Hong Kong security laws cause controversy
Your Sept. 27 article "Freedom, rights tested in Hong Kong" provides a rather lopsided, and in places inaccurate, view of our proposals to protect national security.
Very few new laws will be required to bring effect to Article 23 of our miniconstitution, the Basic Law. Most proposals draw on existing laws on the statute book from the previous British administration and have actually been narrowed considerably in scope so that an act of violence, the threat of violence, or grave criminal behavior is required before many of the offenses would be committed.
In the very unfortunate event that any of the proposed offenses are committed, the cases would be tried in our own courts, which draw on a long tradition of common law and are fully cognizant of our international human rights obligations.
Every country has a right to protect its security and sovereignty.
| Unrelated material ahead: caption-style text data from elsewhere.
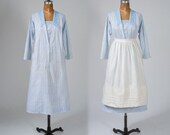 Antique Downton Abbey Maids Dress: Edwardian Scullery Maids Blue & White Striped Dress 1900 Titanic - missfarfalla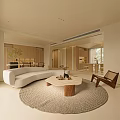 Modern Living And Dining Room Interior With Large Windows Natural Light And Indoor Plants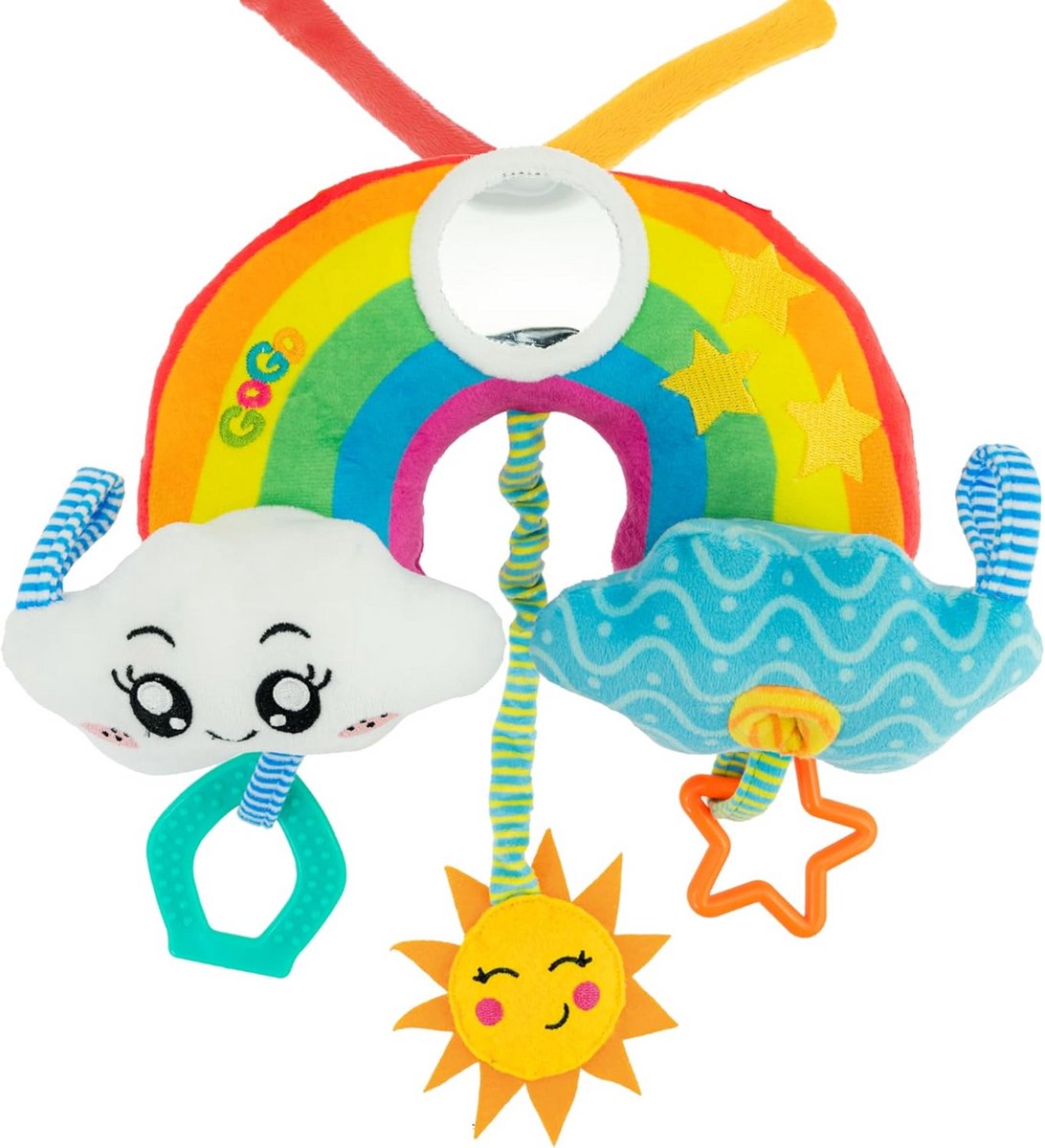 Muziekmobiel Regenboog met Bijtring en Spiegel voor Baby 0+ Maanden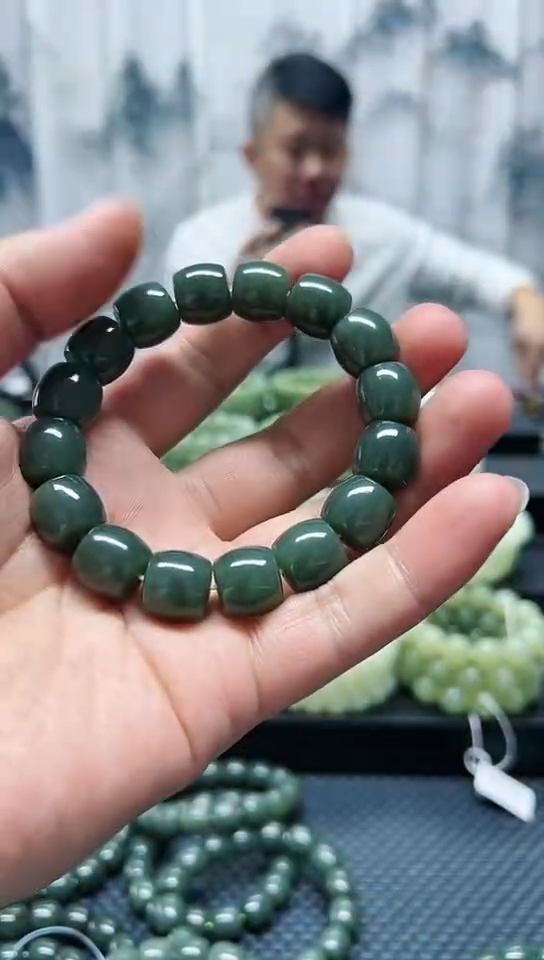 未镶嵌手串和田玉且末正蓝直切卡14纯天然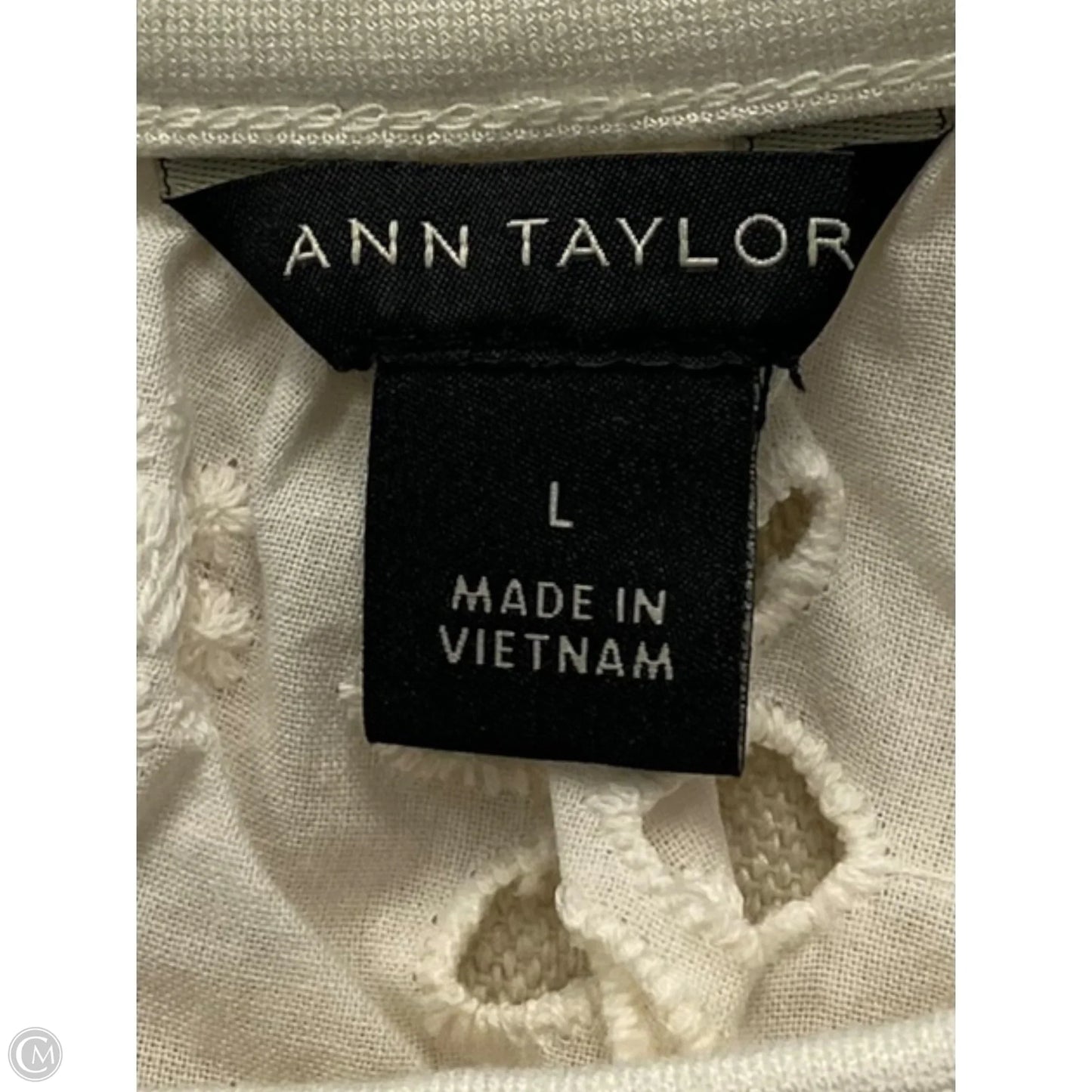Top Long Sleeve By Ann Taylor In Cream, Size: L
The fact that mainland law on this sensitive subject does not apply in Hong Kong, and that we have been allowed to enact such laws on our own, is a tremendous vote of trust and goodwill from our sovereign.
Secretary for Security
Regarding "Freedom, rights tested in Hong Kong": The proposed antisubversion law is a step backward for the country's political evolution. It will start a slippery slope to reduced civil liberties and political rights for Hong Kong residents.
Since Hong Kong's governing institutions are unlikely to become more democratic any time soon, rushing to pass the vague and controversial sedition law serves only to further erode Hong Kong's civil liberties.
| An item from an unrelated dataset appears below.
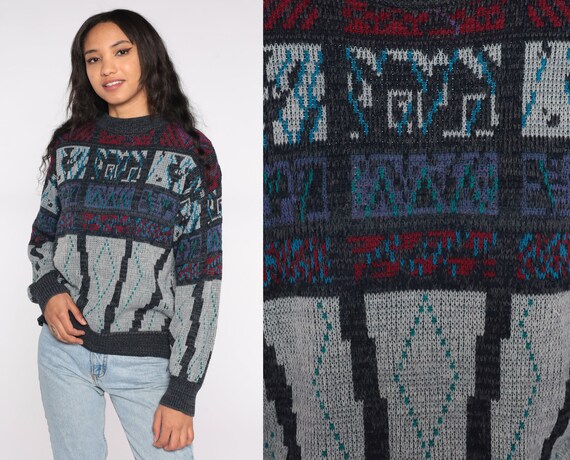 90s Abstract Geometric Sweater Grey Red Charcoal Print Knit - Etsy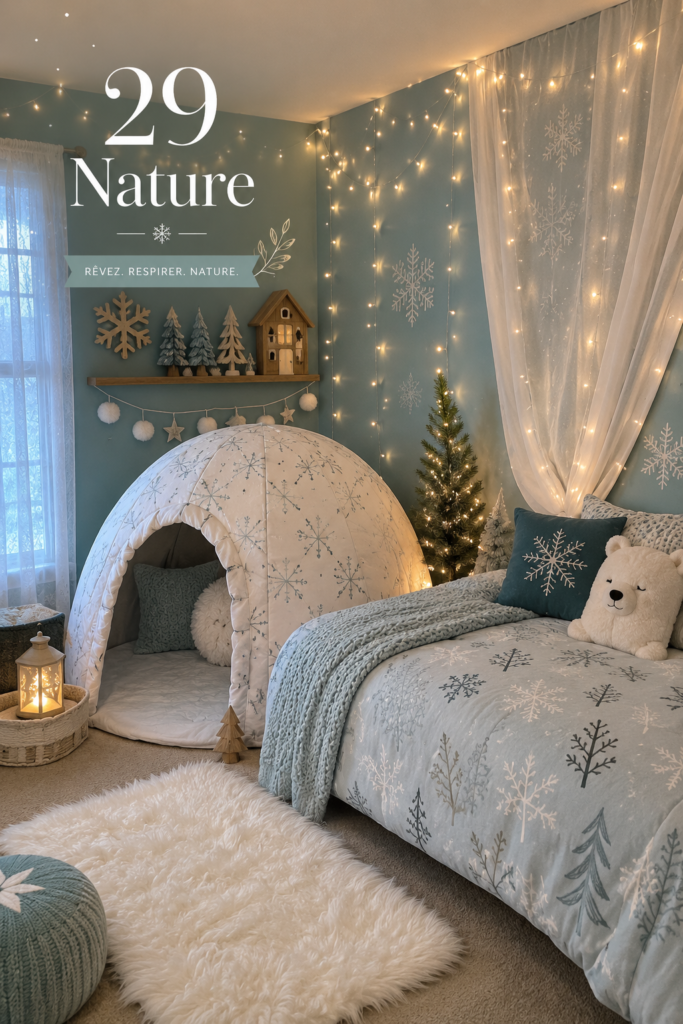 Chambre d'enfant boho inspirée par la nature avec des tons pastel et des décorations en bois.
A more promising political path is to move up the schedule for the chief executive to be directly elected by Hong Kong people, rather than essentially appointed by Beijing.
Vincent Wei-cheng Wang
Iraq doesn't crave US salvation
John Hughes's Sept. 3 Opinion column "Do Iraqis want invasion? Ask victims of despots past, " has the same flaw in perception most lawmakers and Americans have, which is that we need to invade countries such as Iraq because they secretly desire to sacrifice their fellow citizens in order for one man to be overthrown.
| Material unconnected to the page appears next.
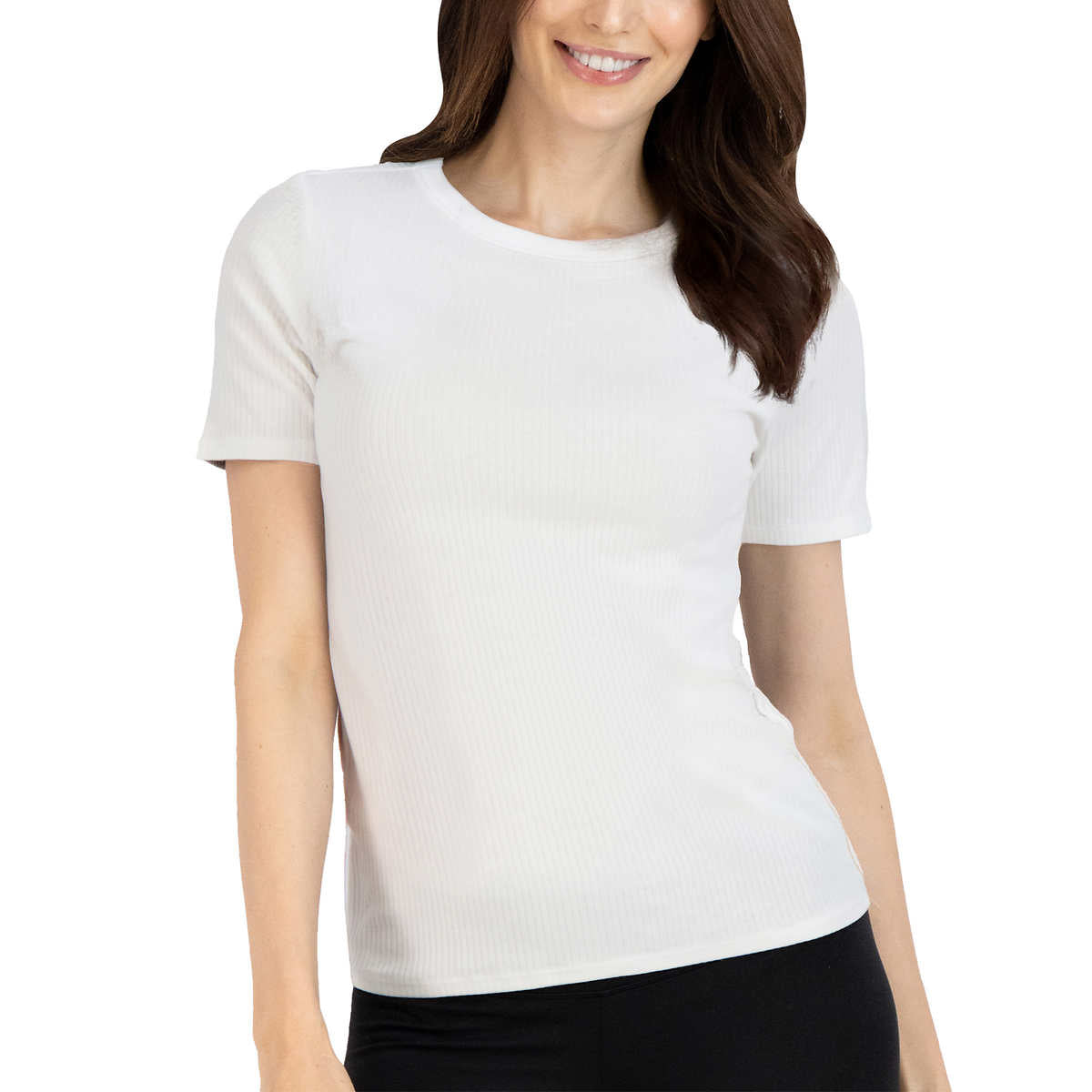 Lucky Brand Women's 3-Pack Crew Neck Tee Lightweight Ribbed Cotton Blend T-Shirt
I strongly doubt that the Iraqi people will be running alongside our tanks, blowing kisses to our soldiers, and throwing rice in celebration after warfare has killed family members and friends.
The American public is fed too many erroneous correlations between World War II, during which there was a defined struggle against a madman with a recognizable face, and our present war for which there is an undefined struggle against thousands of madmen who could have anyone's face. It's too easy to pull out the old film reels and photographs of celebrations following liberation and to forget the ones in which people and cities have been ravaged by war.
Thank you for the insightful Oct. 1 Opinion piece "Middle Earth or middle school?" As the parent of a daughter just entering middle school, I, too, have heard the horror stories. Perhaps an attempt at demystifying the emotional, physical, and social changes children of this age go through has, instead, pathologized those behaviors, and thus our children.
We adults would be wise to reflect on the expectations we hold for our children's growth and development. A passage by Wordsworth comes to mind: "Our meddling intellect misshapes the beauteous forms of things. We murder to dissect."